Optimized dropout process - Technical Exercise Part 1 Product Engineer Achmad Ardani Prasha #1

achmadardanip · 2025-03-01T07:38:20Z

Benchmark Comparison

Before Optimization

After Optimization

Comparison Table

Metric	Before Optimization	After Optimization	Improvement
Enrollments to be dropped	500,000	500,000	—
Excluded from drop out	39,243	39,243	—
Final dropped out	460,757	460,757	—
Memory Usage (MiB)	624.00	36.00	~94% reduction
Execution Time (ms)	1,323,102	204,808	~84% faster

Summary of Improvements:

Memory Usage: Dropped from 624 MiB to 36 MiB, which is roughly a 94% reduction.
Execution Time: Reduced from 1,323,102 ms (about 22 minutes) to 204,808 ms (about 3.4 minutes), an 84% faster runtime.
Correctness: The number of enrollments processed and dropped out remained the same, ensuring the process logic is preserved.

Optimization Steps

Current Problem: The DropOutEnrollments Artisan command, which processes ~500k enrollments (with 500k related exams and 300k submissions), is extremely slow (1323102 ms ~ 22 minutes) and memory-intensive (624 MiB). This indicates inefficient querying and loading too much data into memory at once.

We can improve execution speed and reduce memory usage by applying several optimizations:

1. Select Only Required Columns
I begin by only selecting the columns I need (id, course_id, and student_id) instead of retrieving full rows. This means my query doesn’t use SELECT * – it explicitly lists required fields. By doing so, I reduce the data transferred from the database and the memory my application uses to hydrate models [1]. It’s a best practice in SQL to only fetch the necessary columns for your task, as this lowers CPU load and memory usage on both the database and application side [2]. In my code, I implement this with Eloquent’s select method:

Enrollment::select('id', 'course_id', 'student_id')

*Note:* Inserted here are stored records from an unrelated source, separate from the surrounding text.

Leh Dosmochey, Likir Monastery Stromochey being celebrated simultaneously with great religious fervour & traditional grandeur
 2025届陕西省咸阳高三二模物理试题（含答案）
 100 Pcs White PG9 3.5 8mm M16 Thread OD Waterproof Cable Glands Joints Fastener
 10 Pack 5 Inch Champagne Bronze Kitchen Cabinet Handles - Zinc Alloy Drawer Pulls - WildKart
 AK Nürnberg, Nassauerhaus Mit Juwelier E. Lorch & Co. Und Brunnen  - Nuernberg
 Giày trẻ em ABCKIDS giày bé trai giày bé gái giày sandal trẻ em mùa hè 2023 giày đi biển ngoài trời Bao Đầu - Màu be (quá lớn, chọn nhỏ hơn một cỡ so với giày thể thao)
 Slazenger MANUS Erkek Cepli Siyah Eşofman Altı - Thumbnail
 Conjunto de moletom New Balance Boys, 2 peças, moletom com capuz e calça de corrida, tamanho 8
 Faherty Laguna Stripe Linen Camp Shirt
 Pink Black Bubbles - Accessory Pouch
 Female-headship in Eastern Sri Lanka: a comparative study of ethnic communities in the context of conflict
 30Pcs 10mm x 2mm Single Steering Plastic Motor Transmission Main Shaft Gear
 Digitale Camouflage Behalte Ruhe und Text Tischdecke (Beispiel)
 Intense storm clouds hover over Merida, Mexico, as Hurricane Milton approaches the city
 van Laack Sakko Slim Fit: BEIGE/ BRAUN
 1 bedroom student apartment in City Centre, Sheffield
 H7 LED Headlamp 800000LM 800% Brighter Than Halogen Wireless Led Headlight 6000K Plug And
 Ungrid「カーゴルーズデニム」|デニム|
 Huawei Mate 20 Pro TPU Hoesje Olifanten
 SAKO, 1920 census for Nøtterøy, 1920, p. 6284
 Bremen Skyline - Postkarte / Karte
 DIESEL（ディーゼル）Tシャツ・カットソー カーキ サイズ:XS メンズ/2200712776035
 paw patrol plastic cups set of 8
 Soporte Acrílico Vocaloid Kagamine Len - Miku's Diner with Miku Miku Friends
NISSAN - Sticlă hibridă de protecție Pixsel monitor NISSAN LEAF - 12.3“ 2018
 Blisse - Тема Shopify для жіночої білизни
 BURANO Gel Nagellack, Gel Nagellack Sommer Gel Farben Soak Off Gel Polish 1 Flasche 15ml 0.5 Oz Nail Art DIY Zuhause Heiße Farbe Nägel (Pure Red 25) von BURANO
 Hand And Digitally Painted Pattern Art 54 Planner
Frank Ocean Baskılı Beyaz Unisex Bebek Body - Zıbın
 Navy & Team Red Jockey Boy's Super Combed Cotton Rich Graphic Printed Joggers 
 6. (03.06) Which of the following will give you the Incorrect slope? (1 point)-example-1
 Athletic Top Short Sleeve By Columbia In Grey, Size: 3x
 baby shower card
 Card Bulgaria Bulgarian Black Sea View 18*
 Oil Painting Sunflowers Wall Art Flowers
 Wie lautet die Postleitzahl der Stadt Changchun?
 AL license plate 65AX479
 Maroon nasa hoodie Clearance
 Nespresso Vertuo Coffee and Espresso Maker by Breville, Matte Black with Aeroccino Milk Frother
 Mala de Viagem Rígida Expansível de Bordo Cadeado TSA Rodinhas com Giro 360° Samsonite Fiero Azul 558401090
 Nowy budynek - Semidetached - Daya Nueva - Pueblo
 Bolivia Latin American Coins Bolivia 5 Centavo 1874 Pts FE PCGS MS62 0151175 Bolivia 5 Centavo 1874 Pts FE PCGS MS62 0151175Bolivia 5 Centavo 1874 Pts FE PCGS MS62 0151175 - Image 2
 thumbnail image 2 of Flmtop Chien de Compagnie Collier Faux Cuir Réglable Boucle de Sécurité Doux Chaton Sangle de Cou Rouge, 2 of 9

2. Bulk Fetch Related Records with Composite Keys
Next, I needed to determine which enrollments have related exam or submission records without loading all those records entirely. I achieve this by using a composite key (a combination of course_id and student_id) for Exams and Submissions. By selecting a raw concatenation of these two fields and using distinct, I get a unique list of course_id-student_id pairs. This approach minimizes the data pulled into memory – I’m only retrieving a list of keys rather than full objects. Using Eloquent’s pluck on this raw selection gives me a simple array of composite keys without hydrating full models for each record. Avoiding the creation of model instances for each row saves a lot of memory and overhead, as noted in Laravel performance tips [3]. Here’s how I do it in code:

$activeExamKeys = Exam::selectRaw("CONCAT(course_id, '-', student_id) as composite_key")
                    ->whereIn('course_id', $courseIds)
                    ->whereIn('student_id', $studentIds)
                    ->where('status', 'IN_PROGRESS')
                    ->distinct()
                    ->pluck('composite_key')
                    ->toArray();
$waitingSubmissionKeys = Submission::selectRaw("CONCAT(course_id, '-', student_id) as composite_key")
                    ->whereIn('course_id', $courseIds)
                    ->whereIn('student_id', $studentIds)
                    ->where('status', 'WAITING_REVIEW')
                    ->distinct()
                    ->pluck('composite_key')
                    ->toArray();

By querying only these composite keys, I dramatically reduce the amount of data loaded, ensuring I work only with the identifiers I need (course–student pairs) instead of entire records.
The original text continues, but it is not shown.